Exercise -> Each record that follows should be repeated exactly, minus any images.
# # # # # # #
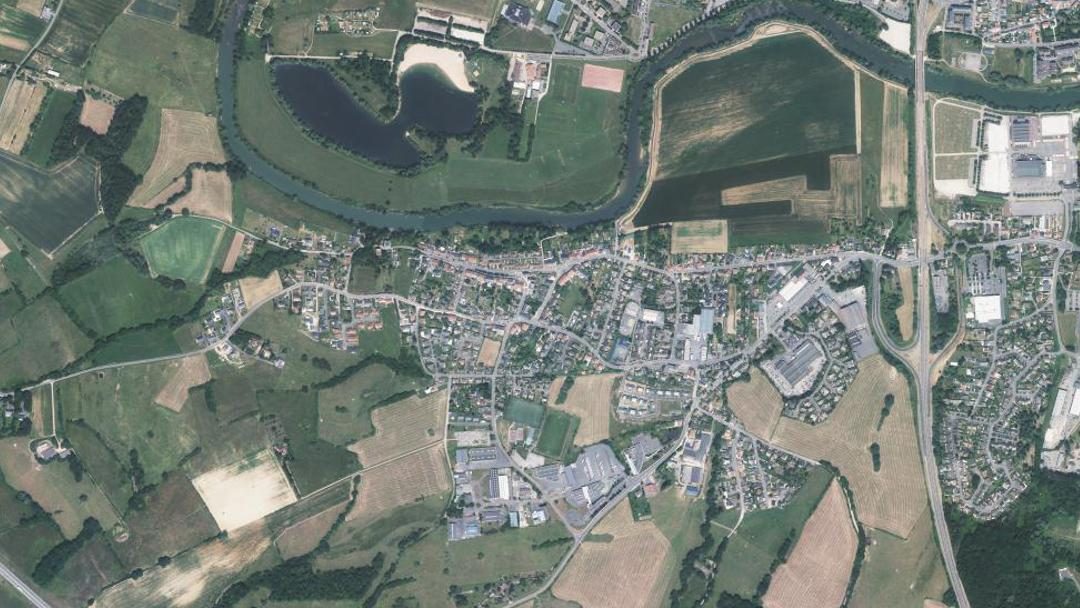 Photo 3 — Prix-lès-Mézières, Ardennes (08000)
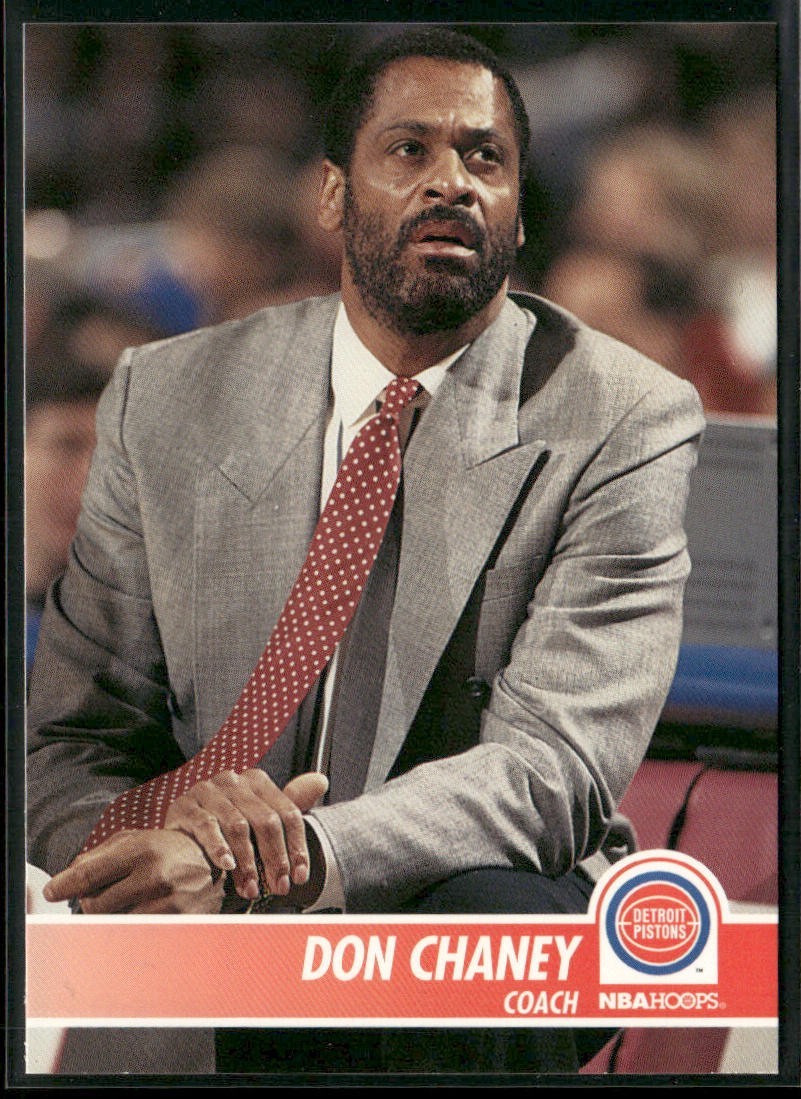 NBA Coaches Lot Bundle 10 Basketball Cards C020 Various Teams back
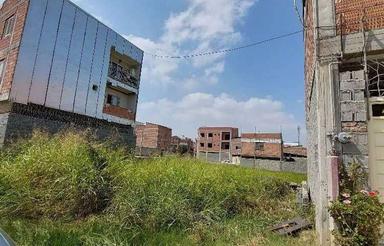 فروش زمین مسکونی 200 متر در کته پشت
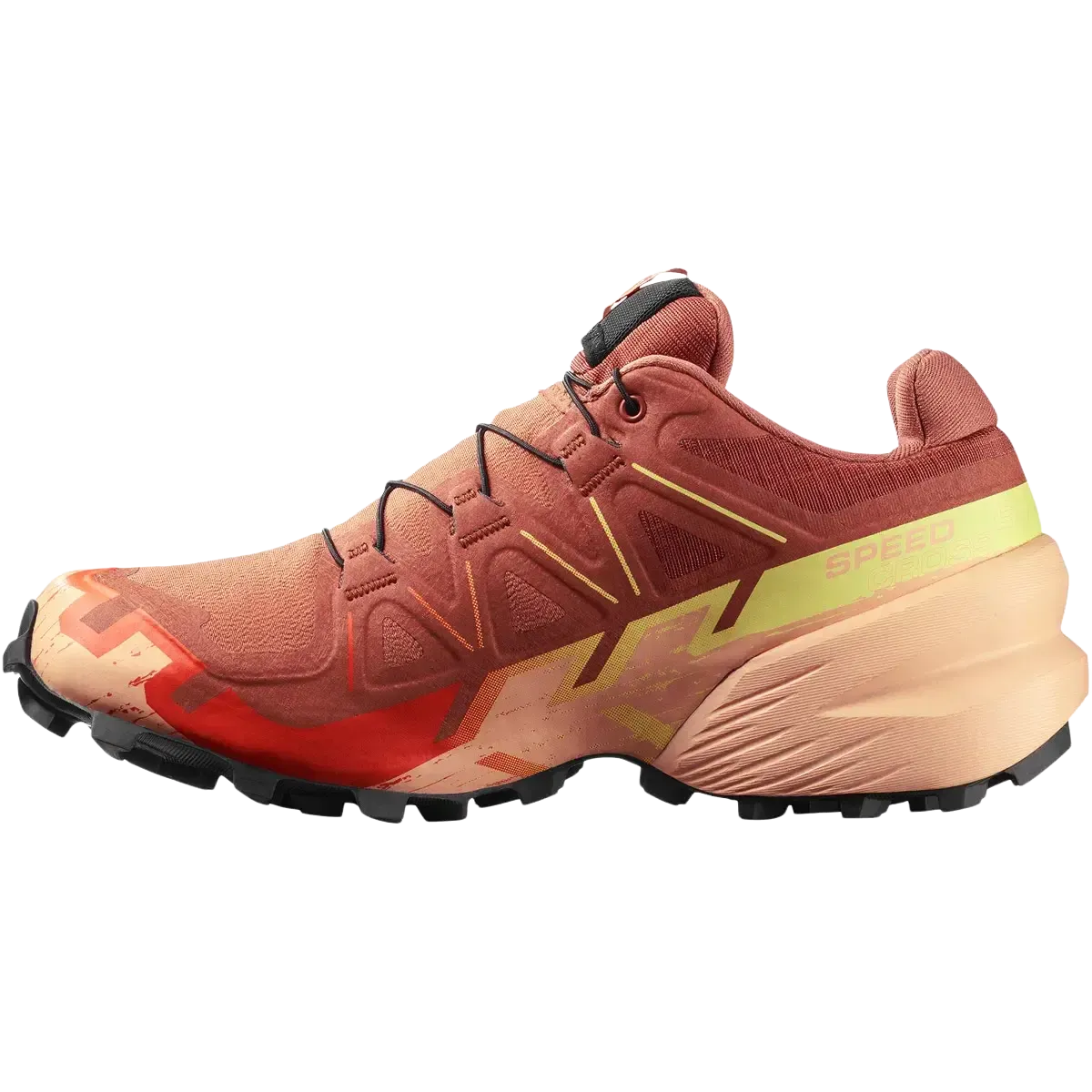 Speedcross 6 GTX Women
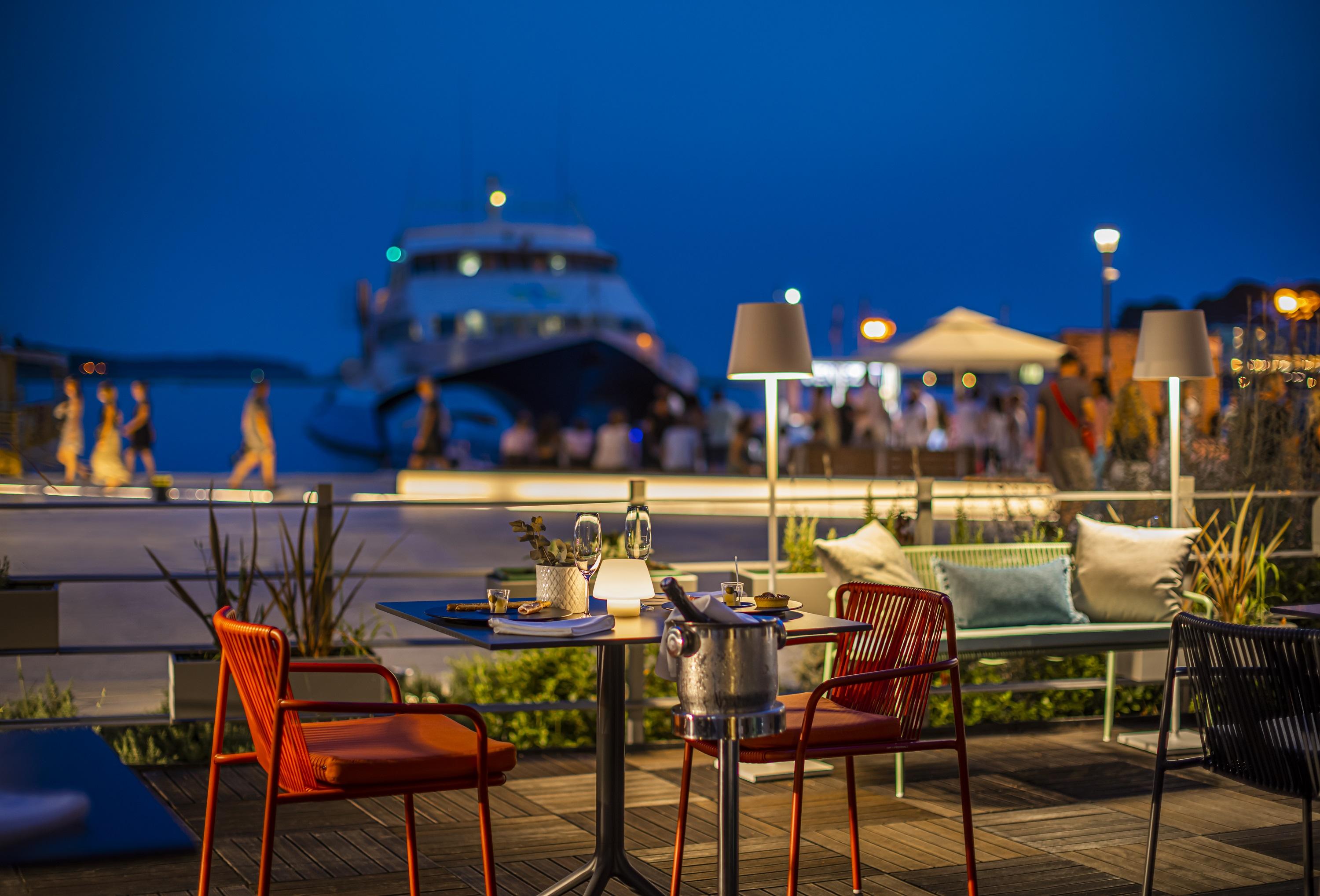 Hotel Valamar Riviera & (adults Only)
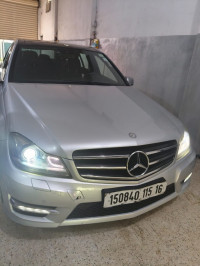 voitures-mercedes-classe-c-2015-kolea-tipaza-algerie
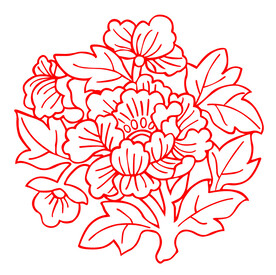 牡丹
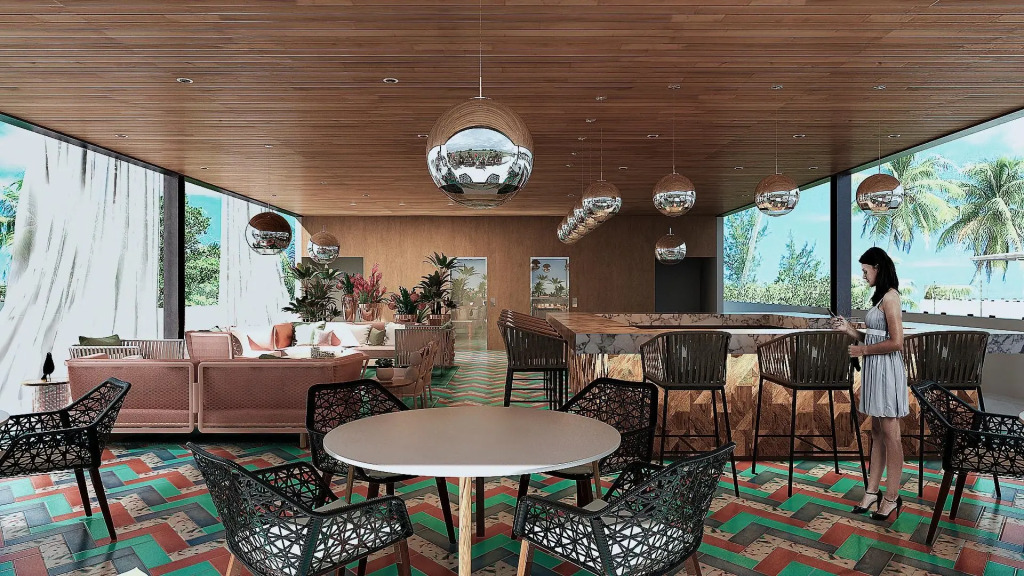 Singular Joy Downtown Residences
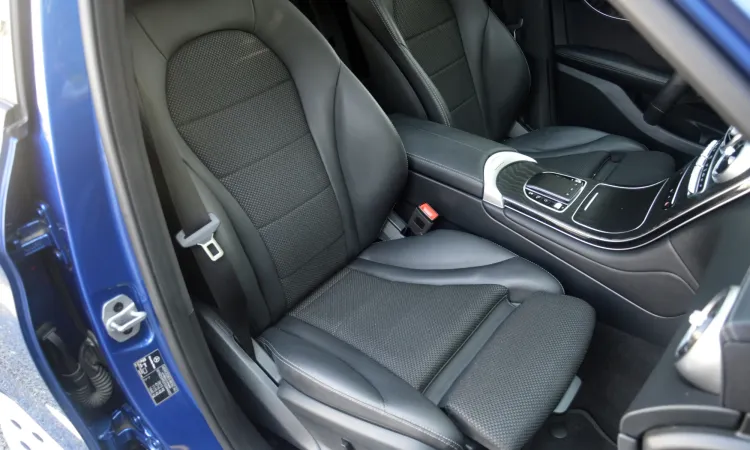 Mercedes-Benz GLC e300 4Matic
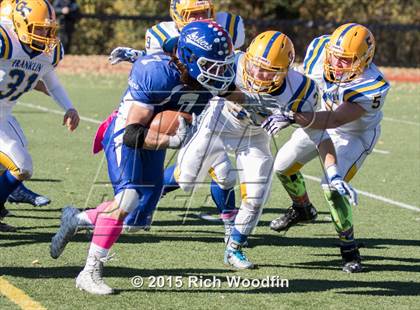 Thumbnail 2 in Franklin @ Inter-Lakes photogallery.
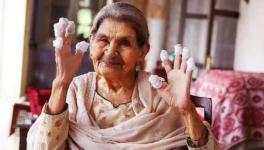 Farrukh Jaffar, who Played Begum in ‘Gulabo Sitabo’, Dies at 88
# # # # # # #
The completed task ->
 Photo 3 — Prix-lès-Mézières, Ardennes (08000)
 NBA Coaches Lot Bundle 10 Basketball Cards C020 Various Teams back
 فروش زمین مسکونی 200 متر در کته پشت
 Speedcross 6 GTX Women
 Hotel Valamar Riviera & (adults Only)
 voitures-mercedes-classe-c-2015-kolea-tipaza-algerie
 牡丹
 Singular Joy Downtown Residences
 Mercedes-Benz GLC e300 4Matic
 Thumbnail 2 in Franklin @ Inter-Lakes photogallery.
 Farrukh Jaffar, who Played Begum in ‘Gulabo Sitabo’, Dies at 88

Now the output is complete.